Data provided START

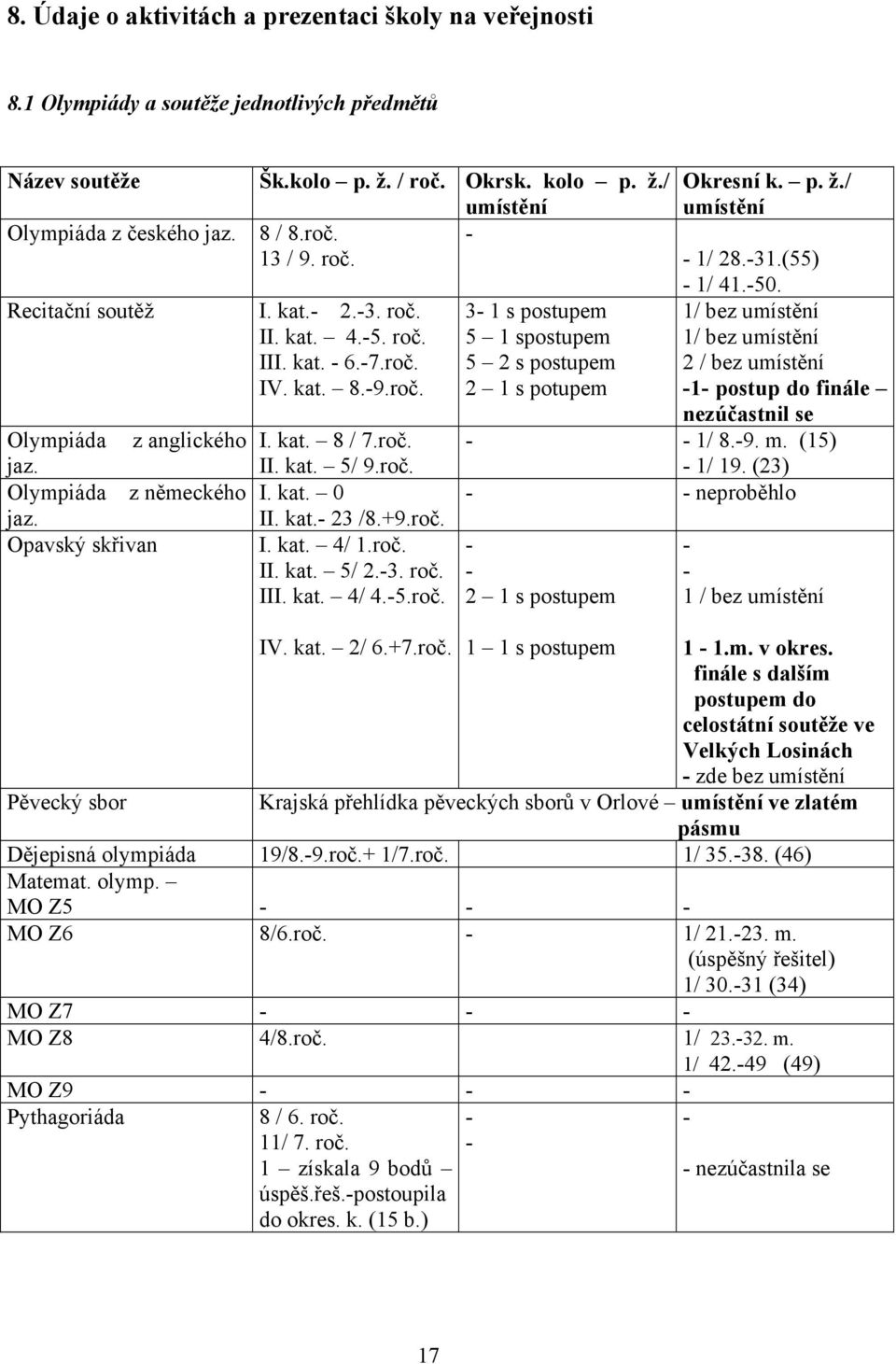 kat. 8 / 7.roč. - - 1/ 8.-9. m. (15) jaz. II. kat. 5/ 9.roč. - 1/ 19. (23) Olympiáda z německého I. kat. 0 - - neproběhlo jaz. II. kat.- 23 /8.+9.roč. Opavský skřivan I. kat. 4/ 1.roč. II. kat. 5/ 2.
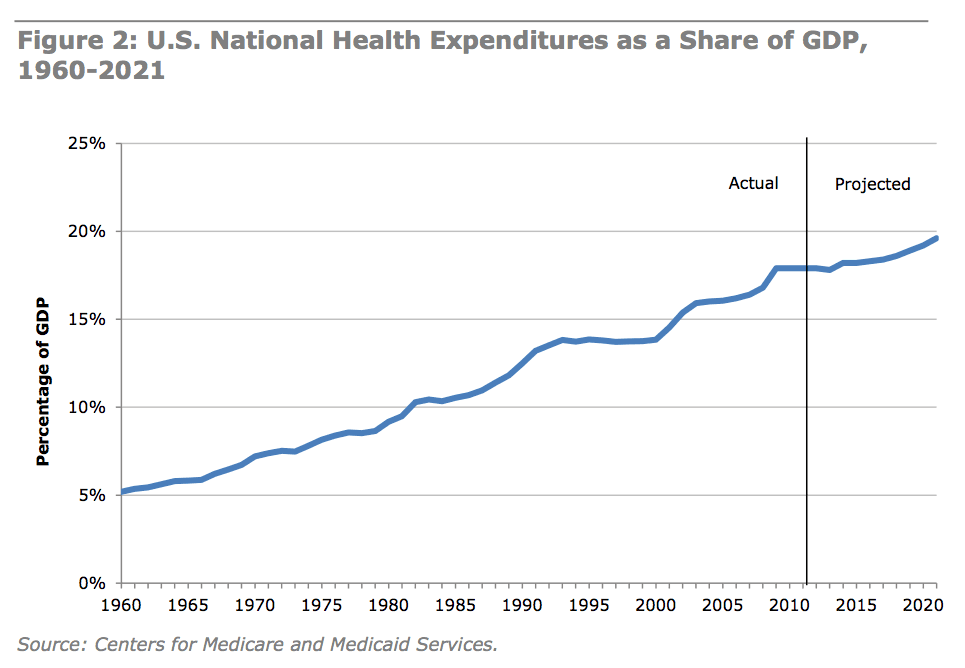 Why not abolish employer-provided health insurance?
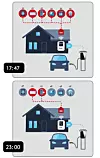 homeCLU optimaliserer utnyttelsen av tilgjengelig strøm i hjemmet.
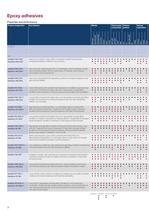 Adhesives Core Range - Selector Guide for industrial bonding - 6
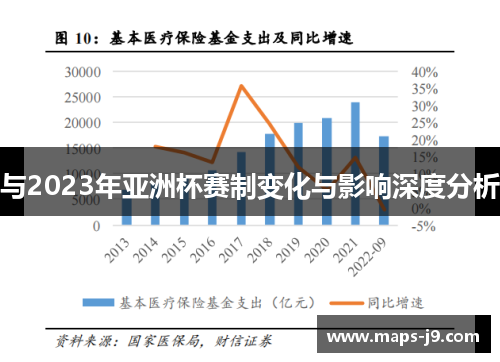 与2023年亚洲杯赛制变化与影响深度分析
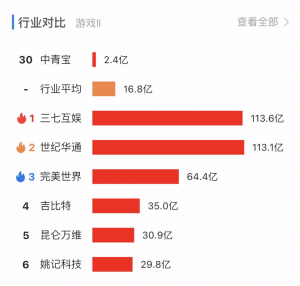 元宇宙”爆火！中青宝到底是不是炒作呢？ 综合 第3张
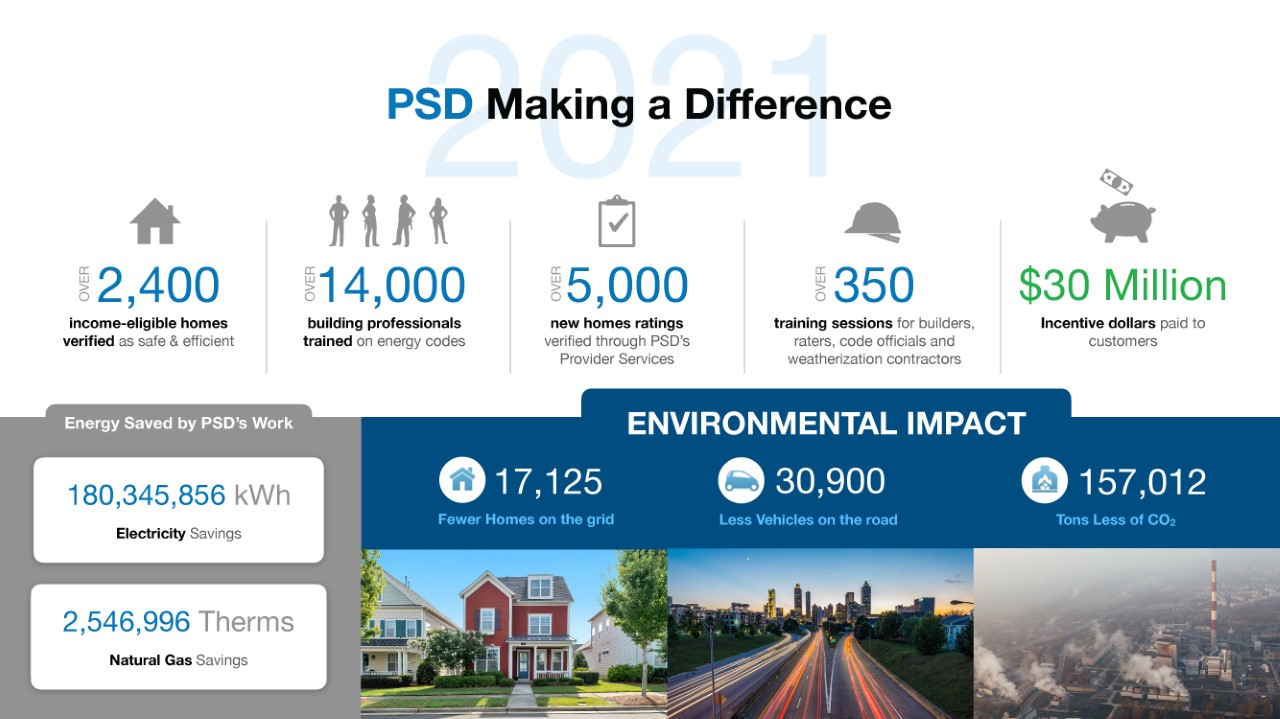 In Celebration of Earth Day, We’re Sharing How PSD Is Making a Difference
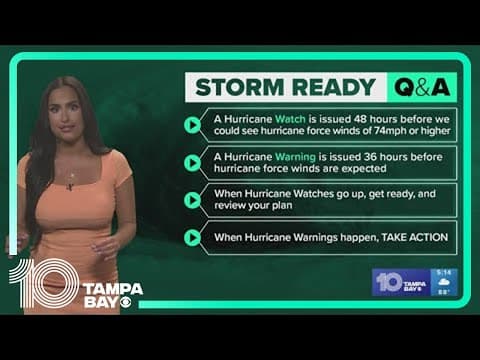 National Hurricane Preparedness Week: What's the difference between a hurricane watch and warning?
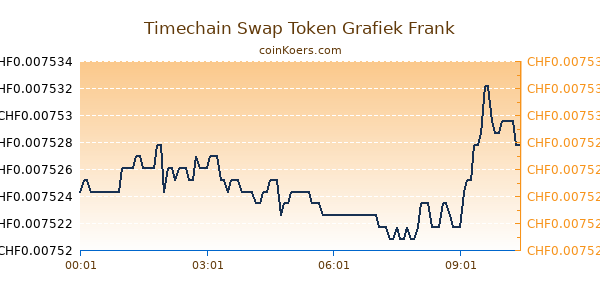 Timechain Swap Token Grafiek Vandaag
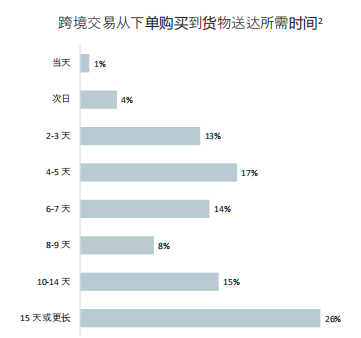 Facebook X Shopify 跨境电商白皮书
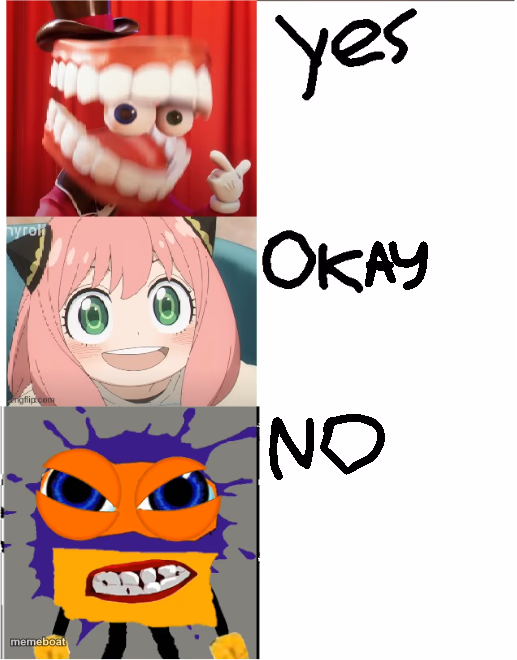 My Yes, Okay, and No List - meme generator image preview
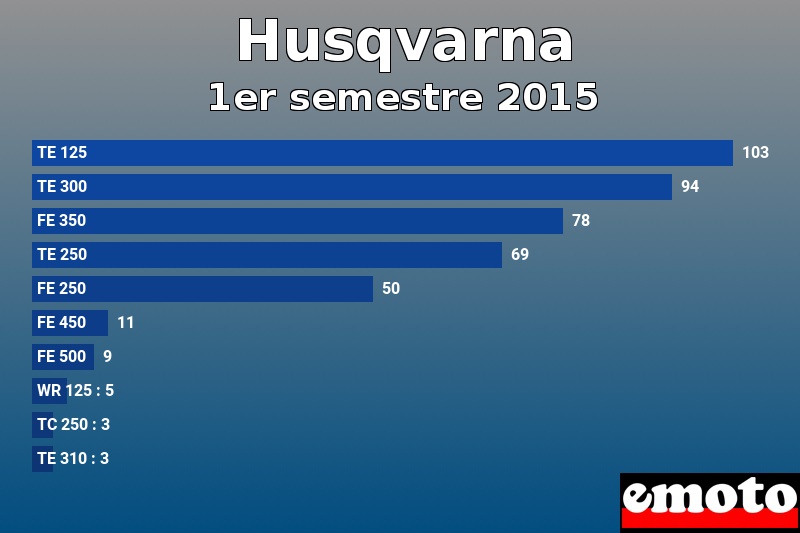 Les 10 Husqvarna les plus immatriculés en 1er semestre 2015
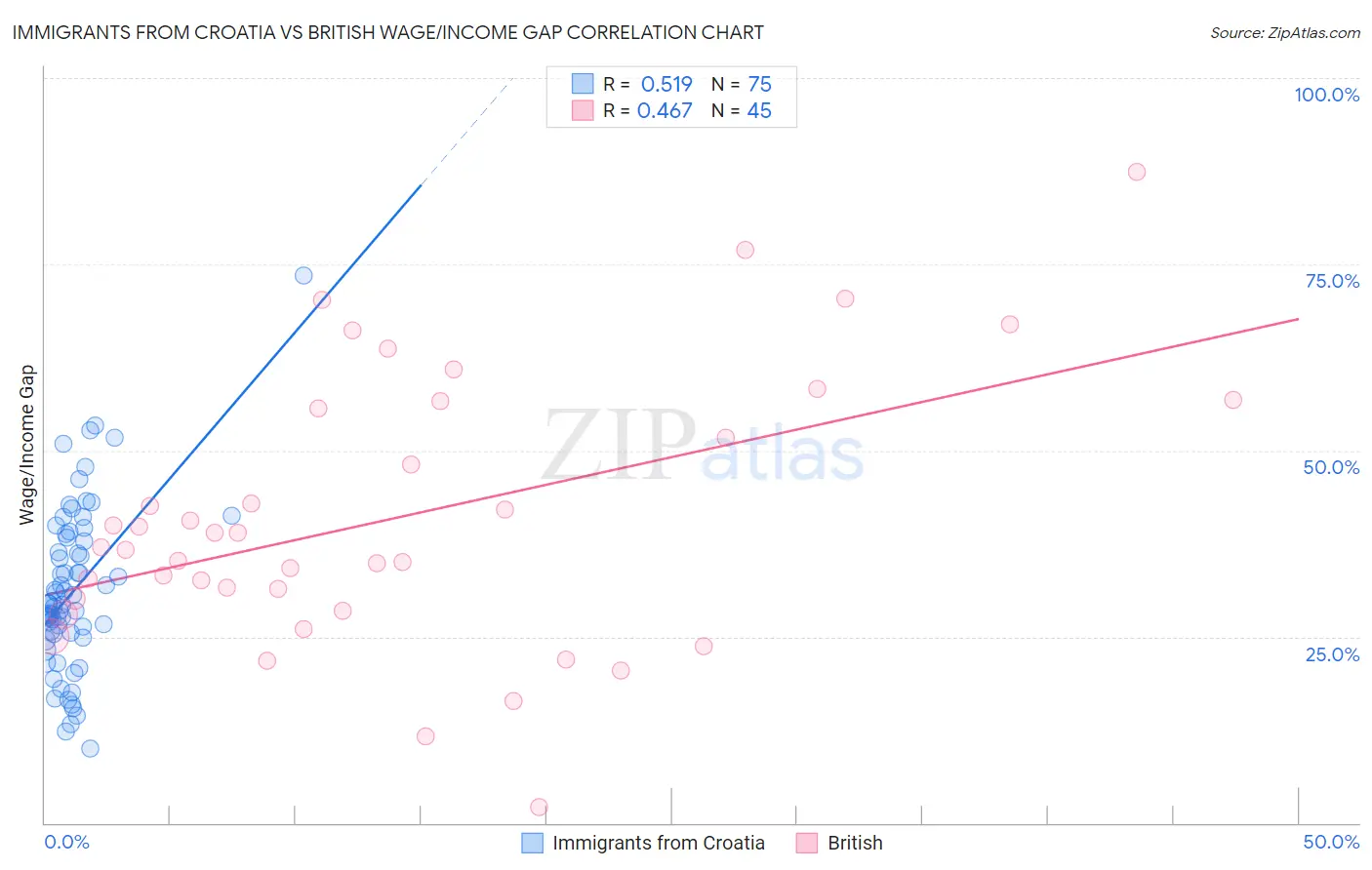 Immigrants from Croatia vs British Wage/Income Gap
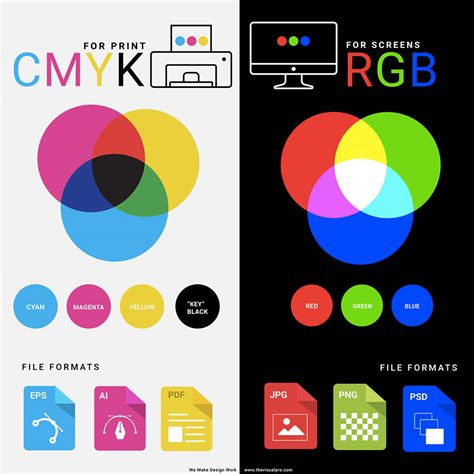 Cmyk Vs Rgb Google Search Cmyk Color Chart Flexography Printing | www.designinte.com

Data provided END

Exercise aim.
Take the data above and repeat it exactly, leaving each picture out.

Task answer.
 kat. 8 / 7.roč. - - 1/ 8.-9. m. (15) jaz. II. kat. 5/ 9.roč. - 1/ 19. (23) Olympiáda z německého I. kat. 0 - - neproběhlo jaz. II. kat.- 23 /8.+9.roč. Opavský skřivan I. kat. 4/ 1.roč. II. kat. 5/ 2.
 Why not abolish employer-provided health insurance?
 homeCLU optimaliserer utnyttelsen av tilgjengelig strøm i hjemmet.
 Adhesives Core Range - Selector Guide for industrial bonding - 6
 与2023年亚洲杯赛制变化与影响深度分析
 元宇宙”爆火！中青宝到底是不是炒作呢？ 综合 第3张
 In Celebration of Earth Day, We’re Sharing How PSD Is Making a Difference
 National Hurricane Preparedness Week: What's the difference between a hurricane watch and warning?
 Timechain Swap Token Grafiek Vandaag
 Facebook X Shopify 跨境电商白皮书
 My Yes, Okay, and No List - meme generator image preview
 Les 10 Husqvarna les plus immatriculés en 1er semestre 2015
 Immigrants from Croatia vs British Wage/Income Gap
 Cmyk Vs Rgb Google Search Cmyk Color Chart Flexography Printing | www.designinte.com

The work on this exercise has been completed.